Of course, there are many new twists to the current situation. Productivity may be measured very differently in the telework age. If you haven’t already, update job descriptions to match the current reality. Any reduction in force should be reviewed by counsel to ensure it does not violate federal or state law.

Watch out for FFCRA violations

In April, Congress passed the Families First Coronavirus Response Act (FFCRA). Before terminating employees make sure other less draconian options aren’t available. For example, employers with fewer than 500 employees must provide two weeks of emergency paid sick leave (EPSL) to all employees. Employers with fewer than 50 employees may request a waiver under certain circumstances. EPSL is only available under specific conditions such as:

  • The employee is subject to a quarantine or isolation order. The employer must have work for the employee to perform. An employee who can telework, similarly, is not eligible for EPSL because the employee can work from home and still be paid normal pay.
  • The Employee isadvised by a health care provider to self-quarantine. The employee is eligible for EPSL under this provision if a health care provider has advised the employee to self-quarantine because:
  1. The employee has COVID-19; or
  2. The employee may have COVID-19; or
  3. The employee is particularly vulnerable to COVID-19.
  • The employee is experiencing symptoms and seeking a medical diagnosis for COVID-19. Employees are eligible for paid leave for time spent making, waiting for, or attending an appointment for a test for COVID-19.
  • The employee is caring for an individual who has been quarantined or been advised to self-quarantine. Individual, in this sense, is defined more broadly than the Family and Medical Leave Act’s immediate family member. Sick children definitely qualify.

Employers contemplating furloughing or terminating a working parent should ensure they are not caring for sick children. In most cases, employers can get reimbursed for at least part of the EPSL cost. Currently, these benefits sunset at the end of the year.

The daycare crisis

Daycare in the U.S. is largely operated by a number of very small businesses operating on thin margins. The COVID crisis has been devastating for them. Social distancing, to the extent it can be done with young children, means fewer spots available. Most centers lack the resources to reconfigure their space and perform the deep cleaning necessary to safety. The result has been fewer spots open and higher per child costs. For many childcare facilities, closing will be the only choice leaving few options for working parents.

Because older people are at greater risk, asking grandparents to assist with childcare is not always an option. Many working parents have little choice but to keep kids at home.

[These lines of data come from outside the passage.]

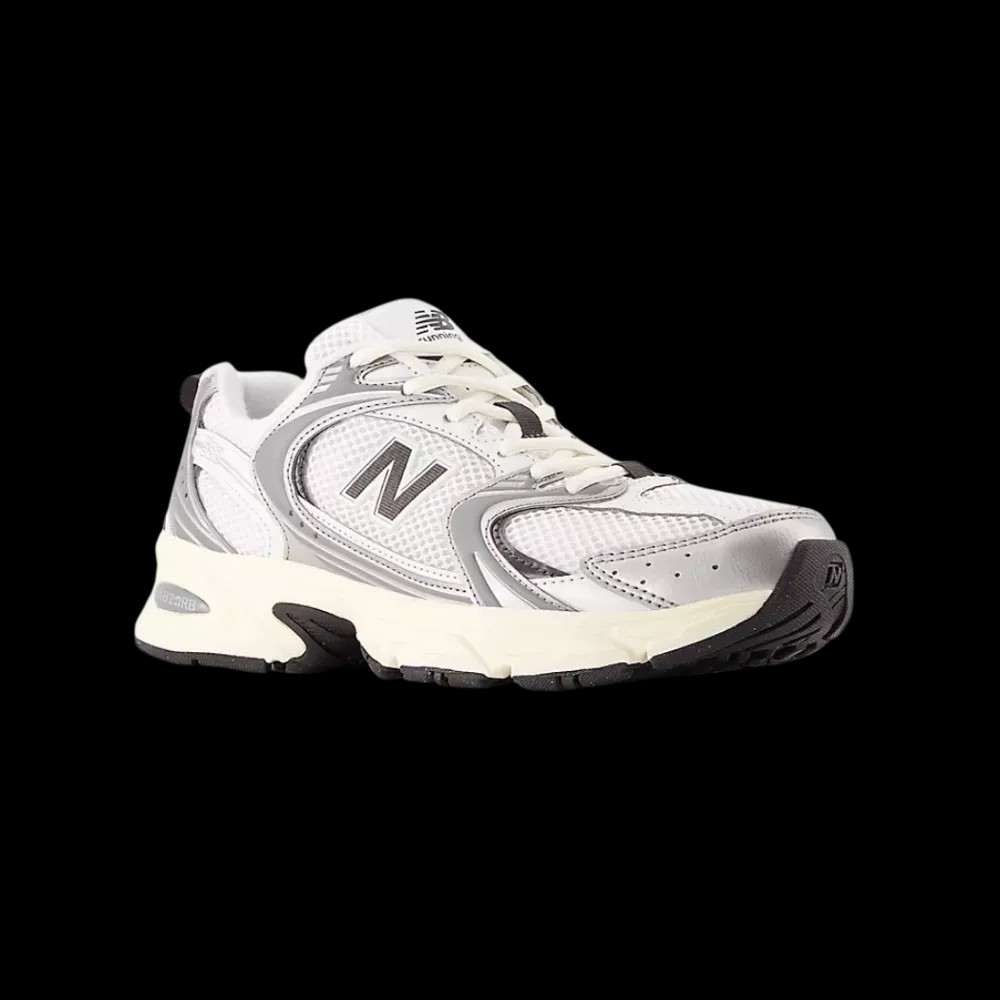 New Balance 530 'Silver Metallic Black Cement' - HypeFly India View 5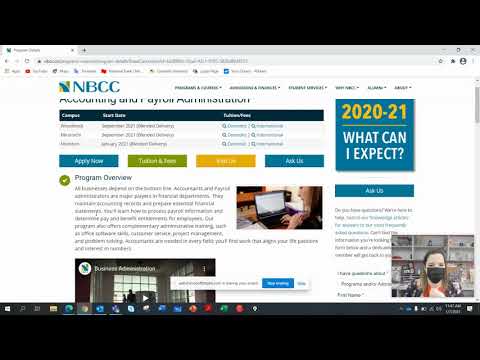 Explaining the NBCC website for income and tuition costs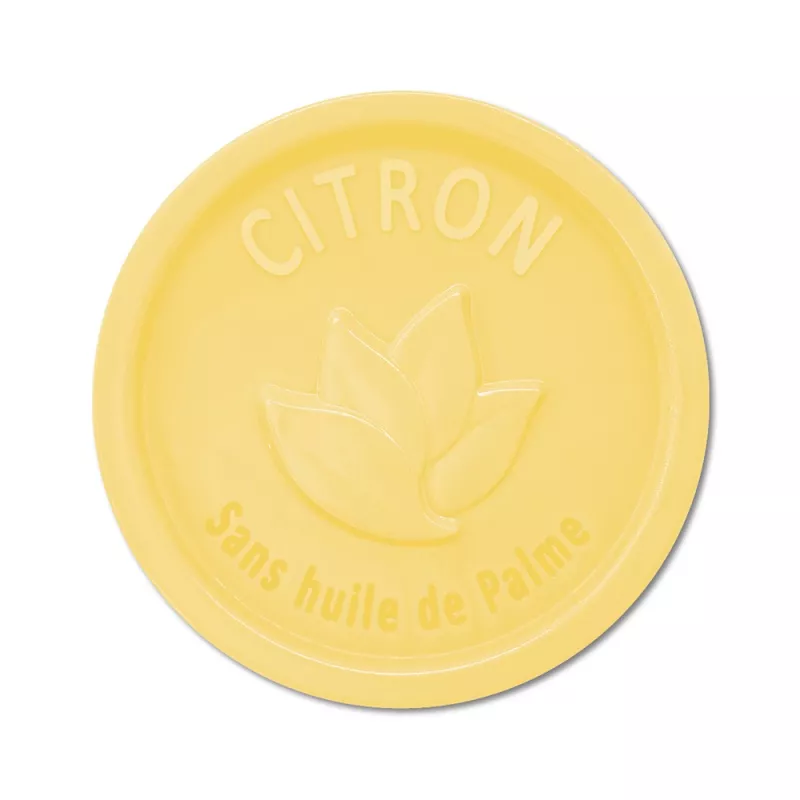 Savon rond 100g sans Huile de palme - Citron Savon rond 100g sans Huile de palme - Citron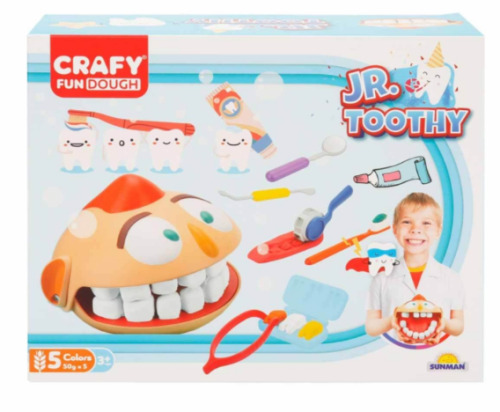 Set pastă de modelare JR.TOOTHY 12 buc, S00003617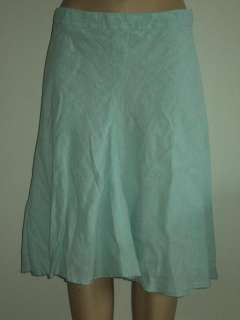 BANANA REPUBLIC Flowy Light Blue Linen Skirt Sz 6 S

Whether schools open in the fall is still very much an open question. Congress is currently debating aid to states and schools. A Senate Republican proposal would tie aid to having at least some in-person schooling. School districts are examining various hybrid methods where students attend school on an intermittent schedule. Others are opting for totally online schooling. Parents and employers face a patchwork or possible scenarios.

Long-term considerations

Although we are clearly in a crisis, it will not last forever. When your business emerges, it will need a diverse pool of talented people to move forward. Many studies show that women who leave the workforce for childcare are far less likely than males to return to the workforce. Those that do return after a long absence find their skills are outdated and now suffer from both gender and age discrimination.

For employers, investing money in training a worker only to have them walk away is not cost effective. Accommodating valuable workers through a reduction in hours may make more sense than a furlough. Once children are back in day care and school, business conditions will likely be better as well. An employee who has stayed connected to the workforce will be able to ramp up faster than a new hire.